Muhteşem bir doğa ve manzarası var.
Büyükşehir Belediyemiz sahillerin manzarası en güzel köşelerden seyredilebilmesi için altyapılar yapmışlar.
Aracınızla durup saatlerce doğayı seyretseniz doyamıyorsunuz.
Doğal manzara açık havada ayrı bir güzel.
Yağmurda, karda ayrı bir güzel.
Yapılan altyapılar şimdilik doğayla barışık. Kararında projelendirilmişler.
Rahatsız etmeyecek ölçüdeler.
Ordumuzun tarihinde en eski yerlerinden, efsanelerin yaşandığı Yason Burnu da bu altyapı tesislerinden nasibini almış.
Tesisleşme ve yapılanlar şimdiki haliyle kalırsa sevinelim.
Ama bununla yetinilmeyip çevresine ve Karadenizin yeşil yamaçlarına yeni binalar, tesisler, oteller, apartmanlar dikilirse işte o an o güzelim manzaramız bir daha geri dönüşü olmadan yok olup gider.
Gelecek nesillerimiz de bu güzellikleri görmekten, içinde yaşamaktan mahrum kalırlar.
*
Önerim; Ordu Büyükşehir Belediyemizedir.
Perşembe ilçemizden Fatsa'ya kadar eski sahil karayolu boyunca koruma altına alınsın.
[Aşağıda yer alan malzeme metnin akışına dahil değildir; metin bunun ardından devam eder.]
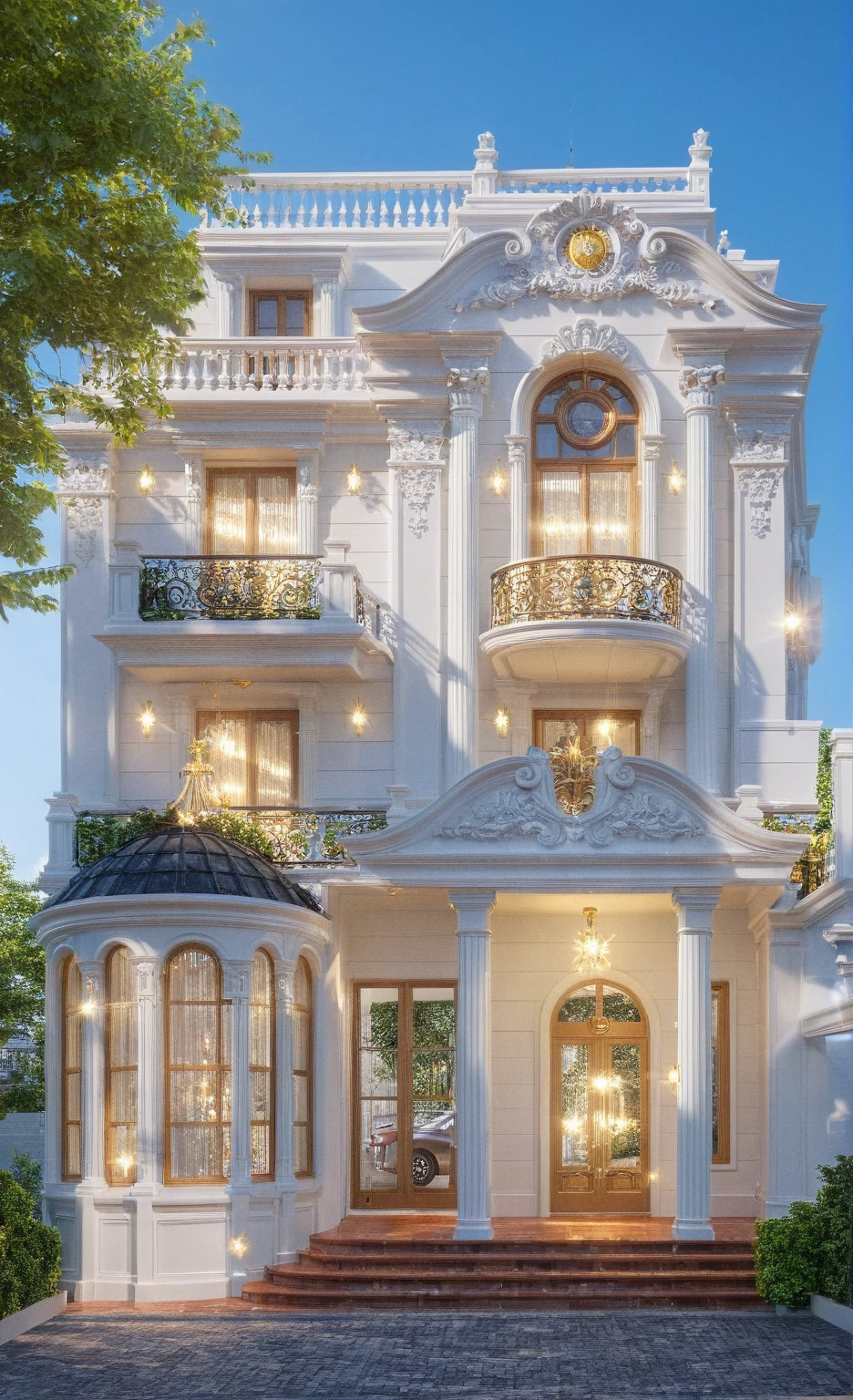 ,Masterpiece, Best quality,8K, Ultra-high resolution, rich atmosphere of luxury。Ornate crystal chandeliers hang high on the wall,Shine brightl . It is so comfortable,So much so that you can't help but indulge in it。Embellished with precious porcelain and champagne gold ornaments。Whenever it is late afternoon,The afterglow from the window spilled on the floor,Soft light and shadow are reflected,It was as if entering a dreamlanD,,Architectural style Architectural style, ((Classic Style House)),(masterpiece) , ((best quality)), dramatic lighting, high quality outdoors, sky, day, cloud, tree, blue sky, building, scenery, road, real world location, sunlight, enough detail, high resolution,super realistic, Photorealistic, highly detailed, balcony, door, car, truck, parking slot, paving, . Clean lines, architectural drawing, highly detailed , . Clean lines, geometric shapes, architectural drawing, highly detailed, (( round column : 1,3)), round pillar,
Doğal sit alanı ilan edilsin.
Betonlaşmaya müsaade edilmesin.
Bitkisel florası korunsun.
Yeni beton yollar yapılmasın.
Konut ve benzeri binalar yapılacaksa eski yerel Karadeniz mimarisi örnek alınsın. Başka şekil yapılaşmaya izin verilmesin.
Mesela en fazla üç katlı taştan konutlar yapılsın.
Görüntüyü bozmayan ahşap taş karışımı turistik tesislere izin verilsin.
Karadeniz Bölgesi'nin neresinde olursa olsun bölgemizde yerleşmiş, yaşamış geçmişteki insanların yaptığı binalara uygulanan mimari tarz o kadar mükemmel ki, halen günümüze kadar gelenleri ilgiyle seyrediyoruz, kullanıyoruz.
Dedelerimizin inşa ettiği köy evlerinde her türlü doğal afete karşı korkmadan kalıyoruz.
Bugün Ordu kentimizde sahilimizle övünüyoruz. Başarabilirsek gelecekte de eski Perşembe-Fatsa arası sahil yolunun doğasını korumuş olmakla övüneceğiz.